In conclusion, the presented polarization-multiplexing configuration of dual-wavelength digital holography is employed to achieve unwrapping phase imaging. The dual-wavelength holographic system has the features that two recording waves can share the same interferometer optical path to transmit independently due to their polarizations being perpendicular to each other, and then by installing each of the proper polarizers in front of the CCDs to filter off either of two wavelengths and filtering through the other, each of the holograms according to their different wavelengths can be acquired by a pair of CCDs at the same time. Since the two wavelengths pass through almost the same optical path, the phase distortion of the off-axis system in two phase maps are nearly identical, which will greatly simplify the process of phase distortion removal. Further, two holograms are recorded separately at the same time, with respect to their wavelengths, so the interplay between the holograms in the procedure of spectrum filtering and image reconstruction does not needed to be considered. Moreover, this polarization-multiplexing configuration is compact and effective, so it can be easily extended to phase imaging of three or more wavelengths that will further expand the imaging scale, and will be readily compacted in future practical applications.
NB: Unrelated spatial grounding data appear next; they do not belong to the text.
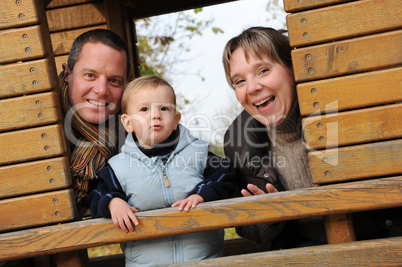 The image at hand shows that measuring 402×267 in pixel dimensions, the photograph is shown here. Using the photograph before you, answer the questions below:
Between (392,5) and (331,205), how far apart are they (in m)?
1.13

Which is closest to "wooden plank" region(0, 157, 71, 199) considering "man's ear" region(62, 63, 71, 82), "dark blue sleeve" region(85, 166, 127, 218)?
"dark blue sleeve" region(85, 166, 127, 218)

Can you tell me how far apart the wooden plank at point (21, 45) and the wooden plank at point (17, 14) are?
4 centimetres

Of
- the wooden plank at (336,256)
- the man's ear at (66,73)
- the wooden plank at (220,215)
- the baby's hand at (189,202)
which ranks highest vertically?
the man's ear at (66,73)

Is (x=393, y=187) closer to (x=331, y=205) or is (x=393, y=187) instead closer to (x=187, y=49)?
(x=331, y=205)

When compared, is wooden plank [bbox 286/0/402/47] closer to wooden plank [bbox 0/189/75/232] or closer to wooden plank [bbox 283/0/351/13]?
wooden plank [bbox 283/0/351/13]

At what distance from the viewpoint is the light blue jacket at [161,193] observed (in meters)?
2.84

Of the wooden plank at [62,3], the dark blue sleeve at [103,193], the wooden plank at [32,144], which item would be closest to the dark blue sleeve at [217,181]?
the dark blue sleeve at [103,193]

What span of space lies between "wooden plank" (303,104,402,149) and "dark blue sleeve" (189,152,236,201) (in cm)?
67

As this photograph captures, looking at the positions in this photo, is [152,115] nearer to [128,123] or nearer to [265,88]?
[128,123]

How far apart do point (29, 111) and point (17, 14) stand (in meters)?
0.60

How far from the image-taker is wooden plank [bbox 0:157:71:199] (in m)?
2.70

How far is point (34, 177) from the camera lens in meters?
2.71

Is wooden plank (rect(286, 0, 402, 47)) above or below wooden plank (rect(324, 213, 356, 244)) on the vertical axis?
above

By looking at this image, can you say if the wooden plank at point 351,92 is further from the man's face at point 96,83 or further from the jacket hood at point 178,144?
the man's face at point 96,83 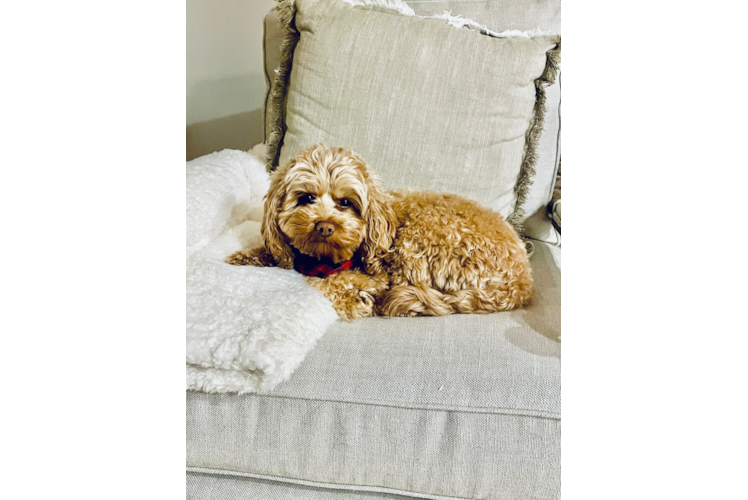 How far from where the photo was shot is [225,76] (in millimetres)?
1516

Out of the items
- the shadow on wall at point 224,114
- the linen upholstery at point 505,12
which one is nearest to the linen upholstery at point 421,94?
the linen upholstery at point 505,12

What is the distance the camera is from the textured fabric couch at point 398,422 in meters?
0.65

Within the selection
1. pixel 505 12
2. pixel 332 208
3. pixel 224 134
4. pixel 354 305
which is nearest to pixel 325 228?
pixel 332 208

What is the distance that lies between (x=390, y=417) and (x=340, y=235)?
0.98ft

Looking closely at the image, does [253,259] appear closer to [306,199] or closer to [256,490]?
[306,199]

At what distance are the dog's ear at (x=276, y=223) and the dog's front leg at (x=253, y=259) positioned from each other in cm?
4

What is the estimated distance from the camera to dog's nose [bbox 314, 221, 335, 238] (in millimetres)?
797

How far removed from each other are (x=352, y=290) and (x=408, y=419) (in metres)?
0.25

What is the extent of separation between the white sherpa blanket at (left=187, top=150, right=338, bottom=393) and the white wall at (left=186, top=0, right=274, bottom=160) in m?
0.55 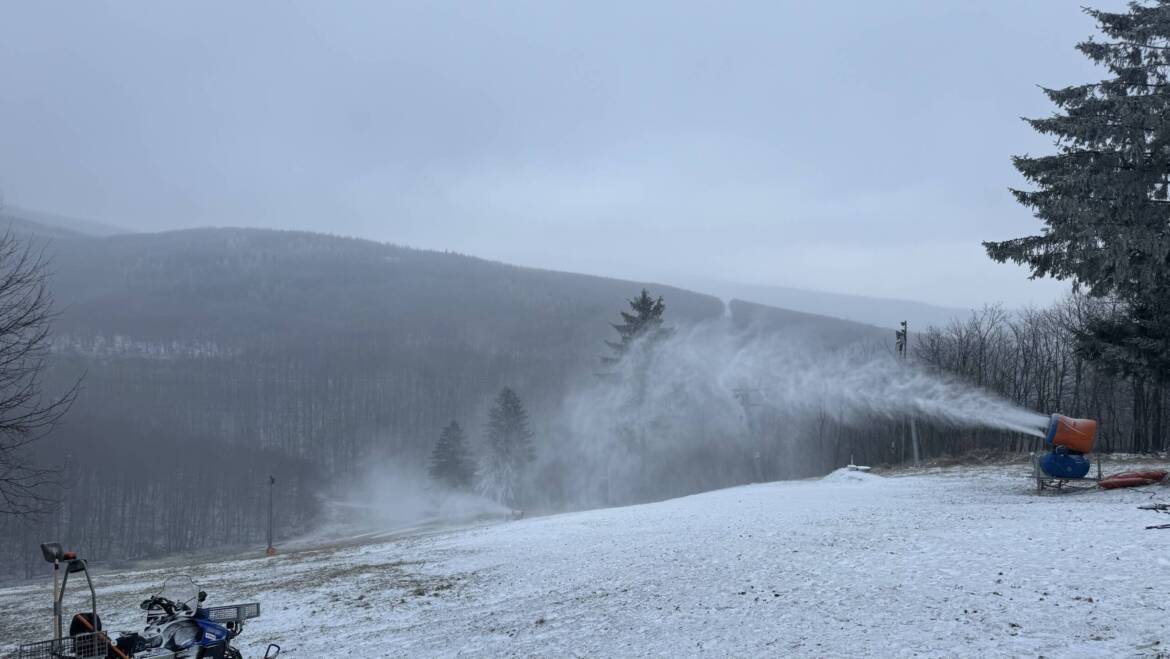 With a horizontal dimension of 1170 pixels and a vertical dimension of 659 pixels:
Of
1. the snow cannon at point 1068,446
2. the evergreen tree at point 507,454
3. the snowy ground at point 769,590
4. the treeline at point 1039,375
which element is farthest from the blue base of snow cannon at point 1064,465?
the evergreen tree at point 507,454

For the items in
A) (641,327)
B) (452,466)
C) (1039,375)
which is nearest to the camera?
(641,327)

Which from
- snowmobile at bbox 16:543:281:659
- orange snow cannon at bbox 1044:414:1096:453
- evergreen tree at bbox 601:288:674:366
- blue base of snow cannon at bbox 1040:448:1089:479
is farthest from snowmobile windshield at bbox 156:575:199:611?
evergreen tree at bbox 601:288:674:366

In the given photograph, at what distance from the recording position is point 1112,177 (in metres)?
20.0

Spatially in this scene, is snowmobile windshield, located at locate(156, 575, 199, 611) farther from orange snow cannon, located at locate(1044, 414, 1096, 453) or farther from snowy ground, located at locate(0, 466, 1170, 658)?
orange snow cannon, located at locate(1044, 414, 1096, 453)

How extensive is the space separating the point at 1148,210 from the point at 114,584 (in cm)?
3197

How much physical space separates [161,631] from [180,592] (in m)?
0.46

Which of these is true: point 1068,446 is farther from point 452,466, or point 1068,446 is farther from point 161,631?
point 452,466

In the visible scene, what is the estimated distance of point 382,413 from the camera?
178500mm

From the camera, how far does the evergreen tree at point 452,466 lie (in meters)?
77.8

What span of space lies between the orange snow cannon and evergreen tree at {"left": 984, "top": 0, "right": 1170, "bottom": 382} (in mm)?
3956

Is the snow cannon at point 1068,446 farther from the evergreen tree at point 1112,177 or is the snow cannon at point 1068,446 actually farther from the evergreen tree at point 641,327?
the evergreen tree at point 641,327

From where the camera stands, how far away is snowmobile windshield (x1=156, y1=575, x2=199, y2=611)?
8.77 m

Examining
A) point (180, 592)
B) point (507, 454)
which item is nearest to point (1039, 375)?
point (507, 454)

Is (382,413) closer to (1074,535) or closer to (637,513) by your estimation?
(637,513) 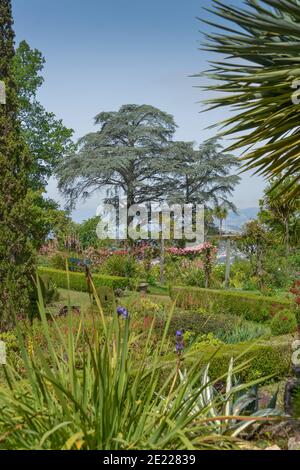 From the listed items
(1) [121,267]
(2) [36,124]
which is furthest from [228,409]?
(2) [36,124]

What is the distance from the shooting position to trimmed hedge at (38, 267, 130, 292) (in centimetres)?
1784

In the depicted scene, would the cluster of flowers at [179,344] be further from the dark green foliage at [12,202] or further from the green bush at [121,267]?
the green bush at [121,267]

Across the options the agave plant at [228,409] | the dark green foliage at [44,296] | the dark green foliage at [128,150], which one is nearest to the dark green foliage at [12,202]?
the dark green foliage at [44,296]

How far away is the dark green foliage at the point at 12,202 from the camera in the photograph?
10992 mm

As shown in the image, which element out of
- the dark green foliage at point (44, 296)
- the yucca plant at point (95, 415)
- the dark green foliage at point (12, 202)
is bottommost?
the dark green foliage at point (44, 296)

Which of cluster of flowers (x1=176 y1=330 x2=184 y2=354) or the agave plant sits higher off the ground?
cluster of flowers (x1=176 y1=330 x2=184 y2=354)

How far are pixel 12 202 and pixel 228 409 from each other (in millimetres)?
7884

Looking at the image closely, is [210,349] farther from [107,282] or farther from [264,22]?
[107,282]

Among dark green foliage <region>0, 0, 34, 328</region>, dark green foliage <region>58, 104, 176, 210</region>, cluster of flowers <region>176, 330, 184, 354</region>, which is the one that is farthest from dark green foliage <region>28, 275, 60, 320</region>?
dark green foliage <region>58, 104, 176, 210</region>

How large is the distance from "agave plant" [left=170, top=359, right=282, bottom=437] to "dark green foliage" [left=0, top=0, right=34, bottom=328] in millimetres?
6947

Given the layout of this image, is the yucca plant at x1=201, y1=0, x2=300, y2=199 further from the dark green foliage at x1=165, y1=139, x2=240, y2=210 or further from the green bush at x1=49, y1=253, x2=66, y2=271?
the dark green foliage at x1=165, y1=139, x2=240, y2=210

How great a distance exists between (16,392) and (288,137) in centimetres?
388

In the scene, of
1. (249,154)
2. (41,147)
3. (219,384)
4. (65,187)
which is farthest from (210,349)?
(65,187)

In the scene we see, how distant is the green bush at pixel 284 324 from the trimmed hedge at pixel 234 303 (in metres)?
1.38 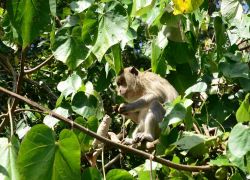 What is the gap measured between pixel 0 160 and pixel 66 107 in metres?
1.64

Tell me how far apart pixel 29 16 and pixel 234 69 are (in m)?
1.60

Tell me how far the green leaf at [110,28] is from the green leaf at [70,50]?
0.20 m

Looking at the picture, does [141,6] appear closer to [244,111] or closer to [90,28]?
[90,28]

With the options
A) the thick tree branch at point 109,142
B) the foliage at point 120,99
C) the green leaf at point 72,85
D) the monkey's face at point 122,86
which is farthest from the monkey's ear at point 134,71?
the thick tree branch at point 109,142

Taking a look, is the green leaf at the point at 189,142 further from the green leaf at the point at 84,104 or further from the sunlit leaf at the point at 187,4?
the sunlit leaf at the point at 187,4

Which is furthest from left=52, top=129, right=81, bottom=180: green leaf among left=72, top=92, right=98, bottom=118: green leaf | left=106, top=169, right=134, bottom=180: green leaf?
left=72, top=92, right=98, bottom=118: green leaf

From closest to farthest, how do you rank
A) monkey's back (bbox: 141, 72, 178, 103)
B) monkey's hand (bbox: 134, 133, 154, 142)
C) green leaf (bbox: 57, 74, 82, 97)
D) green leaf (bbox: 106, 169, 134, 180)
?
1. green leaf (bbox: 106, 169, 134, 180)
2. green leaf (bbox: 57, 74, 82, 97)
3. monkey's hand (bbox: 134, 133, 154, 142)
4. monkey's back (bbox: 141, 72, 178, 103)

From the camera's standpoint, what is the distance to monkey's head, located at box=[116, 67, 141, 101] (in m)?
5.55

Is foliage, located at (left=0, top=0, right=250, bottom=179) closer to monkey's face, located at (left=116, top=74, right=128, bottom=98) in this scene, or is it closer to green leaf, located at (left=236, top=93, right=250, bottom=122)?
green leaf, located at (left=236, top=93, right=250, bottom=122)

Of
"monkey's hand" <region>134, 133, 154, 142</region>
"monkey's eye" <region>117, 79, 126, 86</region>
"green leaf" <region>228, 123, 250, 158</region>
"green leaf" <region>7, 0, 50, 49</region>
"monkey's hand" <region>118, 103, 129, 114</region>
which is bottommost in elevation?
"monkey's hand" <region>134, 133, 154, 142</region>

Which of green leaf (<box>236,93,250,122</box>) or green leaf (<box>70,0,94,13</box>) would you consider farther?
green leaf (<box>70,0,94,13</box>)

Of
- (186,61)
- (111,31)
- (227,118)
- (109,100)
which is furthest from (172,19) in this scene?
(109,100)

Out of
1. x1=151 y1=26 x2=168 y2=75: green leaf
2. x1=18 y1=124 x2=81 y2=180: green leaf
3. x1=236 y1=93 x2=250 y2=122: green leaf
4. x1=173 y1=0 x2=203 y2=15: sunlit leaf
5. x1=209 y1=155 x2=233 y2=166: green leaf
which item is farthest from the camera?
x1=151 y1=26 x2=168 y2=75: green leaf

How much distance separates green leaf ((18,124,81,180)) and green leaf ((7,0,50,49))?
1.13 feet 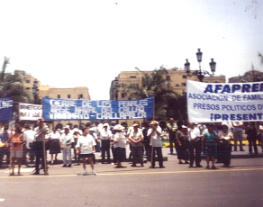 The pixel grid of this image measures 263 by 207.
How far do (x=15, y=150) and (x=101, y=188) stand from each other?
188 inches

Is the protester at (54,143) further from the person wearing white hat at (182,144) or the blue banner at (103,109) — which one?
the person wearing white hat at (182,144)

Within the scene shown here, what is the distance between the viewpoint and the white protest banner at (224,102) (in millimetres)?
12602

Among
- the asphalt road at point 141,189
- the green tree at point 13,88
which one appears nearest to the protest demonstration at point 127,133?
the asphalt road at point 141,189

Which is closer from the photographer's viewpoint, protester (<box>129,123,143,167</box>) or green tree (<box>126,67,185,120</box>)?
protester (<box>129,123,143,167</box>)

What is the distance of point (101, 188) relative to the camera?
8.22 m

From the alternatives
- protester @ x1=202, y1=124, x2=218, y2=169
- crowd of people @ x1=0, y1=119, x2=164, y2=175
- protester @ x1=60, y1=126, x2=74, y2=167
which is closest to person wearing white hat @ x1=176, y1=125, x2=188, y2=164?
crowd of people @ x1=0, y1=119, x2=164, y2=175

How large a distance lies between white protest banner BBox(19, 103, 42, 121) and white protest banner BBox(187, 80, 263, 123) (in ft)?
24.5

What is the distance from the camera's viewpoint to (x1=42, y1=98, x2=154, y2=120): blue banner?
14.5 meters

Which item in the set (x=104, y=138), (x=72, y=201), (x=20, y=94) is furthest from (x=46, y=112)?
(x=20, y=94)

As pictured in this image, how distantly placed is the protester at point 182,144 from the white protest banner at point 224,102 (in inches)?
54.3

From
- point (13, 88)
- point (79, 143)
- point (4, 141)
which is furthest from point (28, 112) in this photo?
point (13, 88)

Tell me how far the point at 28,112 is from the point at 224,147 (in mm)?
9001

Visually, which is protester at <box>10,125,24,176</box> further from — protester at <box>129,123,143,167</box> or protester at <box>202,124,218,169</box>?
protester at <box>202,124,218,169</box>

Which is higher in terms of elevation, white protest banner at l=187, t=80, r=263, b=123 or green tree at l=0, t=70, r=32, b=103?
green tree at l=0, t=70, r=32, b=103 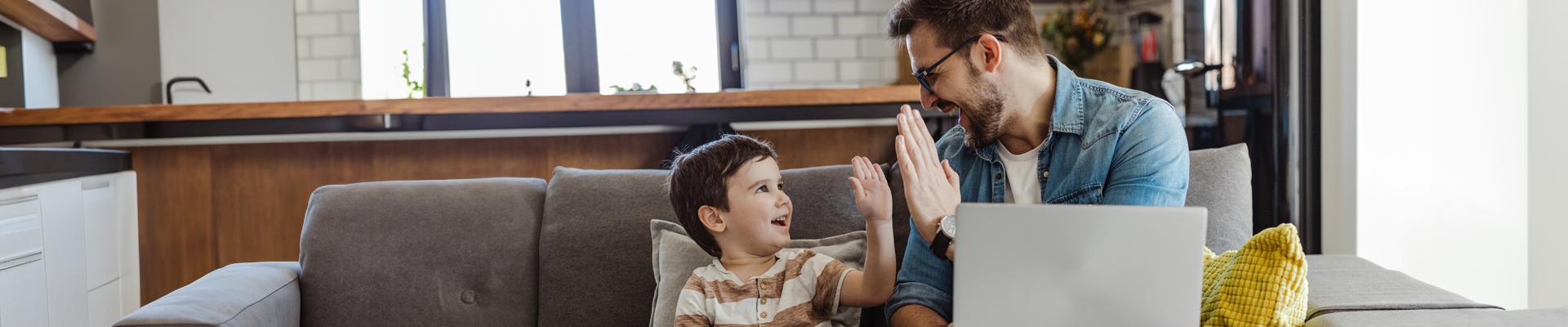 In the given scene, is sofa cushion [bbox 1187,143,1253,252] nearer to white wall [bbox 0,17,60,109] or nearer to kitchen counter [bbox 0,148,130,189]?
kitchen counter [bbox 0,148,130,189]

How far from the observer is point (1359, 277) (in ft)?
4.91

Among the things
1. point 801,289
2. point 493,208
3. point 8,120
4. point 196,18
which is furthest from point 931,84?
point 196,18

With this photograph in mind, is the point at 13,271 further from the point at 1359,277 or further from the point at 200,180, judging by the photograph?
the point at 1359,277

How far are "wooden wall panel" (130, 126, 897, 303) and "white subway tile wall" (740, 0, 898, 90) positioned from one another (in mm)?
1686

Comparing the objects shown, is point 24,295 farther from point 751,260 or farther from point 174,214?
point 751,260

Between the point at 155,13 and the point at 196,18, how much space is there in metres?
0.15

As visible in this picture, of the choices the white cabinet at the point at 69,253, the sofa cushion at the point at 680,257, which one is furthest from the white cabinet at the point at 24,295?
the sofa cushion at the point at 680,257

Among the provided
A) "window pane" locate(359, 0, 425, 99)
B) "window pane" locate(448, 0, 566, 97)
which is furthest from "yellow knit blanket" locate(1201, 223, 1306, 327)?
"window pane" locate(359, 0, 425, 99)

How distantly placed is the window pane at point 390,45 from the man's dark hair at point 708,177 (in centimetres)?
303

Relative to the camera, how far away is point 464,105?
9.39 feet

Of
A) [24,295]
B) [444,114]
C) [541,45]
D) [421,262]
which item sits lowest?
[24,295]

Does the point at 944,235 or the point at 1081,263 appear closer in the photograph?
the point at 1081,263

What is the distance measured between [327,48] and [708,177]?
3153 millimetres

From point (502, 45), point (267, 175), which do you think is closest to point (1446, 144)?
point (267, 175) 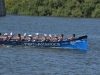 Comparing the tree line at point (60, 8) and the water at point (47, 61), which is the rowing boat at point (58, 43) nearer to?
the water at point (47, 61)

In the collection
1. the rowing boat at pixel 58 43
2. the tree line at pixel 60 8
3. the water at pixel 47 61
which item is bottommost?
the water at pixel 47 61

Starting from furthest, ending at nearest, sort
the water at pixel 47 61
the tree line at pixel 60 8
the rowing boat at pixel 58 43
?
the tree line at pixel 60 8 → the rowing boat at pixel 58 43 → the water at pixel 47 61

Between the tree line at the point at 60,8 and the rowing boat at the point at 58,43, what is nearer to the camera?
the rowing boat at the point at 58,43

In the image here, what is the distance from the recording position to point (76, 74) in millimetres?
29078

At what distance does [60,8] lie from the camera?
120188 mm

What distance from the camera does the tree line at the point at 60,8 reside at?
384 feet

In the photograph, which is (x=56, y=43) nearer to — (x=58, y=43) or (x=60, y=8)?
(x=58, y=43)

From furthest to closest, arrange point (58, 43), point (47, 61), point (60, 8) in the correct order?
point (60, 8)
point (58, 43)
point (47, 61)

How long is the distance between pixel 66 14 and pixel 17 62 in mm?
87578

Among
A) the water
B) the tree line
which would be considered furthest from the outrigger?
the tree line

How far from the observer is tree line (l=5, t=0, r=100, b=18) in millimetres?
116938

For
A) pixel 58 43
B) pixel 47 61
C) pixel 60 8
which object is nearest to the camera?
pixel 47 61

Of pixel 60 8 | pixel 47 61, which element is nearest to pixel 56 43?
pixel 47 61

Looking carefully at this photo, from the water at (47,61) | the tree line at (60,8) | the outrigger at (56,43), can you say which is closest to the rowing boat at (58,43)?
the outrigger at (56,43) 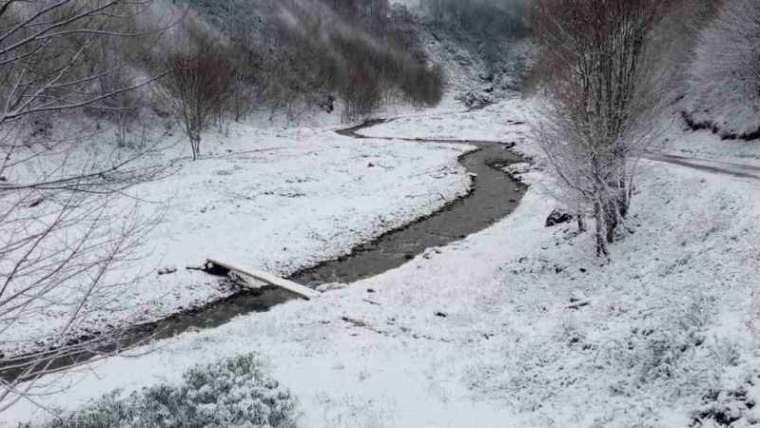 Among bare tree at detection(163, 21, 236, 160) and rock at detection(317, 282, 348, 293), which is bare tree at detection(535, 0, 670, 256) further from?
bare tree at detection(163, 21, 236, 160)

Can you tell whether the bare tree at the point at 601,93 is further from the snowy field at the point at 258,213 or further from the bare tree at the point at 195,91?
the bare tree at the point at 195,91

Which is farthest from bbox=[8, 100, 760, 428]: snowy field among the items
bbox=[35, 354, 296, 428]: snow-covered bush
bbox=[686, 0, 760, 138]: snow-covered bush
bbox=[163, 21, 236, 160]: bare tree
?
bbox=[163, 21, 236, 160]: bare tree

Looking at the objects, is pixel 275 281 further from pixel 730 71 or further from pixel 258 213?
pixel 730 71

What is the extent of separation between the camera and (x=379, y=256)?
1903 centimetres

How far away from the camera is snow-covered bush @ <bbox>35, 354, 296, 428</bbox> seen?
744 cm

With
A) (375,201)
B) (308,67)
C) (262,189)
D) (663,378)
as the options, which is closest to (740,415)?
(663,378)

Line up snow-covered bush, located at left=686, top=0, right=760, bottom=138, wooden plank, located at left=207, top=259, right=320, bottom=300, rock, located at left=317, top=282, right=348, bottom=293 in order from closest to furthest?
wooden plank, located at left=207, top=259, right=320, bottom=300
rock, located at left=317, top=282, right=348, bottom=293
snow-covered bush, located at left=686, top=0, right=760, bottom=138

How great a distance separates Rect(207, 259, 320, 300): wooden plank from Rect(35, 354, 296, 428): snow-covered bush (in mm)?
5987

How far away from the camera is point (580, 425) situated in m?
7.18

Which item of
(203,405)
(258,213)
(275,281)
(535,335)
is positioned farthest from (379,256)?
(203,405)

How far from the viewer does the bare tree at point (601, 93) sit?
45.0 ft

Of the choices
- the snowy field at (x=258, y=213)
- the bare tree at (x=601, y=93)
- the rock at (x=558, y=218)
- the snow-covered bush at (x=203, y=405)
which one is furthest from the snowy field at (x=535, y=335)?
the bare tree at (x=601, y=93)

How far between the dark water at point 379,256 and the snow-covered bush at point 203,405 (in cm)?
100

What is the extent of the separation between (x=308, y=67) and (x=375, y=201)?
58.4 metres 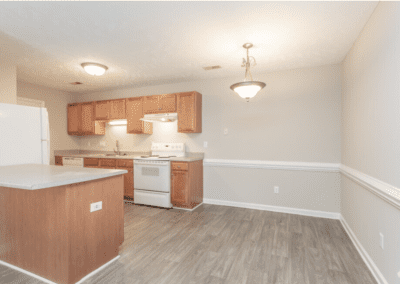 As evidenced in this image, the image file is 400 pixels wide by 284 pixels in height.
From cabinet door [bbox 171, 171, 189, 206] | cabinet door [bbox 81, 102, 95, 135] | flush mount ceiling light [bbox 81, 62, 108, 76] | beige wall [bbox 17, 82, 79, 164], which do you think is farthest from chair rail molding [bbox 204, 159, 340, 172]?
beige wall [bbox 17, 82, 79, 164]

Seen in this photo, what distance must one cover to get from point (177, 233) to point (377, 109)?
2585mm

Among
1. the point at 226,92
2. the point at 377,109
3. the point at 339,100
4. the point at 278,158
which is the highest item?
the point at 226,92

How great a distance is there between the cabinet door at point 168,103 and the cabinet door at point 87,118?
198 centimetres

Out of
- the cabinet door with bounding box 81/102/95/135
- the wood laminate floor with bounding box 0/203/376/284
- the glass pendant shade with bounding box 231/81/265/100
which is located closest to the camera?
the wood laminate floor with bounding box 0/203/376/284

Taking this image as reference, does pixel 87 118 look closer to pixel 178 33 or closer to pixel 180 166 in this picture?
pixel 180 166

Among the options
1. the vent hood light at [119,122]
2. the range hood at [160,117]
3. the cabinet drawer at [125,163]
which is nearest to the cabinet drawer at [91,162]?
the cabinet drawer at [125,163]

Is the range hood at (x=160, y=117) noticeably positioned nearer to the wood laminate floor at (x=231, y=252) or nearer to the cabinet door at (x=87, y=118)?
the cabinet door at (x=87, y=118)

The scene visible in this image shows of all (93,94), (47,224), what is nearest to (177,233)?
(47,224)

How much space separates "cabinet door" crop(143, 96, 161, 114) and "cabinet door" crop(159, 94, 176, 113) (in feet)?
0.32

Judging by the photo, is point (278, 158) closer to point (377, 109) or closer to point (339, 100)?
point (339, 100)

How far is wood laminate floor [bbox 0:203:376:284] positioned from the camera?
1.79 m

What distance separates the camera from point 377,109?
6.00 feet

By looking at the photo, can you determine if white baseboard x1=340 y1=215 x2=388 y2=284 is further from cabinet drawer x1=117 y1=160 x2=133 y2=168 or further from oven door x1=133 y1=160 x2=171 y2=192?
cabinet drawer x1=117 y1=160 x2=133 y2=168

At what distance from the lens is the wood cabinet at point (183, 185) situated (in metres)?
3.57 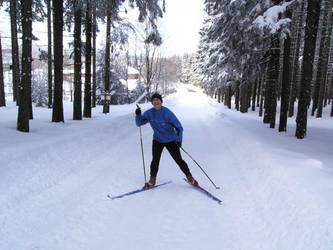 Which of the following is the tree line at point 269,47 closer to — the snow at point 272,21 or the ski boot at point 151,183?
the snow at point 272,21

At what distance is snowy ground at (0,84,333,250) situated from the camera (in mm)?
5000

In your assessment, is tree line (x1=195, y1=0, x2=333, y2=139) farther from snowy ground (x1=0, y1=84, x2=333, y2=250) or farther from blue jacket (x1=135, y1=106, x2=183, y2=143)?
blue jacket (x1=135, y1=106, x2=183, y2=143)

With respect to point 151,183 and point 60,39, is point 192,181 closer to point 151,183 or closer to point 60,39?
point 151,183

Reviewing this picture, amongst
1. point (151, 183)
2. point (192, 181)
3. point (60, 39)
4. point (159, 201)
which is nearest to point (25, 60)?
point (60, 39)

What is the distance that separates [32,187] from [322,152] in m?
7.83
Experimentally, the phase retrieval of a target grating is demonstrated in this system. The dual-wavelength digital holograms are recorded, respectively, with the p-polarized 671 nm interference beams and the s-polarized 656 nm interference beams at the same time. The phase image of a grooved grating and its height profile of 7.1 μm are reconstructed by using the relevance relationship of the spatial frequency spectrum of two holograms based on the presented configuration. The unwrapping phase imaging is dependent on the value of the synthetic wavelength in the dual-wavelength digital holographic imaging system. Although we just show the reconstructed image of a grating of grooved depth 7.1 μm, the topographic height less than 29.35 μm also can be retrieved with an unwrapping phase by using the wavelengths of 656 and 671 nm according to the principle of dual-wavelength unwrapping phase reconstruction.

This configuration has the merits of compact structure, because one interferometer path is simultaneously provided as two polarization channels, and of fast numerical reconstruction. This work can be further developed into a real-time phase imaging solution as cooperation with the automatic spectral filtering algorithm for off-axis dual-wavelength digital holographic imaging.